ABM is proud to work with the Anglican Development Services Eastern (ADSE), our partner in Kenya, to provide livelihood support to many communities struggling with poverty.

Kalawani countryside
Kalawani countryside, where members of the local Community-based organisation view established projects.
© Julianne Stewart/ABM, 2017.

The Livelihoods project is targeted at Community-based Organisations, which are essentially trained and registered community organisations with nominated representatives from various existing groups in Kenyan villages (such as the ‘Women’s Chicken-raising Group’, the ‘Youth Group’, and the ‘Widow’s Farming Group’).
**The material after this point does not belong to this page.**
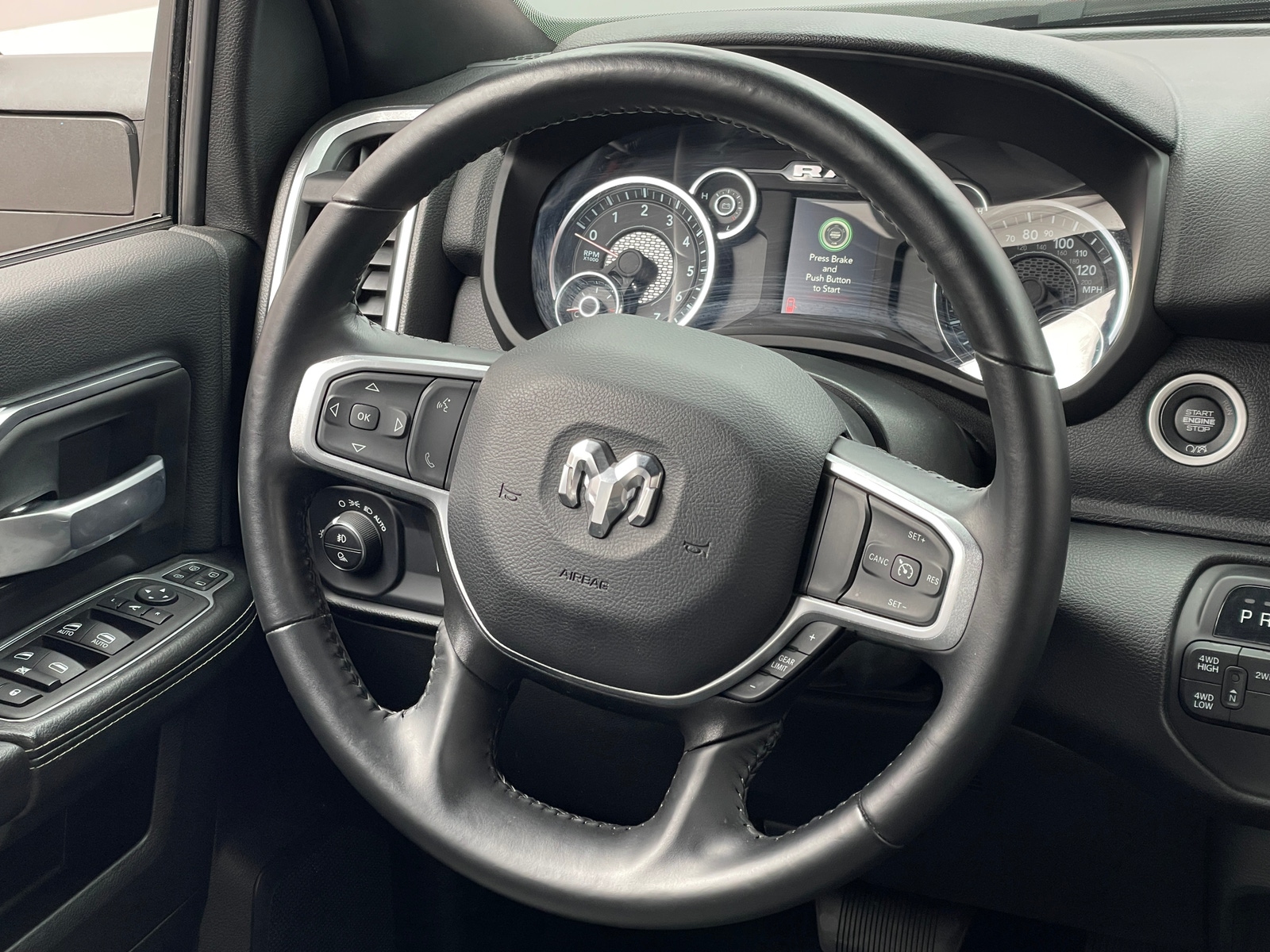 Thumbnail: 2024 RAM 2500 - 5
Anglican Development Services Eastern works with each Community-based organisation (CBO) for a defined period of time, helping build their capacity to become self-sufficient.
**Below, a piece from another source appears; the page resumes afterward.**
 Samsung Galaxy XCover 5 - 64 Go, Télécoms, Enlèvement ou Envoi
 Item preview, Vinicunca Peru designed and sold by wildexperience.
Chair of Kalawani CBO with ADSE Project Officer
 Jennifer Mutua, ADSE Project Officer, with the Chair of Kalawani CBO
© Julianne Stewart/ABM, 2017

CBOs generally meet monthly, and whilst in the program are trained in;

  • Proposal writing
  • Drought-resistant crops
  • Tree planting
  • Drip irrigation
  • Sand Dam construction
  • Water management
  • Farm ponds
  • Marketing
  • Budgeting
  • Disability inclusion
  • Child protection

This training continues for several years, after which a Savings and Loan group is established.

As a result of being in the program for some years, the Kalawani CBO has now graduated, and since doing so has completed and submitted several proposals to local government and other NGOs. The local government have now agreed to build a bore-hole in their community. They have also organised a common market to sell their produce, to generate opportunities for their members to sell goods.

Perhaps most significantly, the Kalawani CBO has recently established a SACCO – a registered credit union. This larger-scale credit facility has grown out of their Village Savings and Loans program, which was incredibly successful in raising capital for new business ventures within the CBO community. The SACCO will enable people to save and borrow from a much larger entity, increasing the loan amounts available for business activity.

Let’s hear from several of the Kalawani CBO members, to learn of their experiences;

Rebecca, Janet and Pius from Kalawani CBO
Rebecca, Janet and Pius from Kalawani CBO.
© Julianne Stewart/ABM, 2017

“I am so happy because I have been taught new things by ADSE and it has transformed our life. Horticulture, sawuma wiki [a kind of spinach], poultry rearing for eggs and meat. The Village Savings and Loans Scheme (VSL) has brought a lot of impact in my life. The majority who have joined the VSL are women. They have opened businesses. I am happy about the SACCO with its low interest rates. Also the trainings have transformed our lives.  We have also been taught about bringing up our children, and staying with them. This has made us happy.”  
– Rebecca

 “The time we started constructing the sand dam, the water is near our homes. We were so tired of fetching water from far away.  Now we are more relaxed. We can bathe, and the cattle can access water.  When we began our VSL, we learned new ideas. Now we do not wait for our husbands to give us money and to give us food. I know how to save a little money and take care of it. This money has helped us to buy many things – the VSL has helped women a lot.” – Janet 

“I can now borrow money to send my kids to school, buy fertilisers, and also maintenance items for the home. Now that there is a SACCO, more men will join the VSLs (this is a prerequisite to joining the SACCO). They are interested in the bigger loans that a SACCO will bring. For example, some men want to buy a boda boda (motor cycle that takes passengers).”
– Pius 


ABM would like to thank our generous supporters who have donated towards this project, helping to empower many people struggling with poverty, and creating the self-sufficiency that brings dignity as well as economic benefit.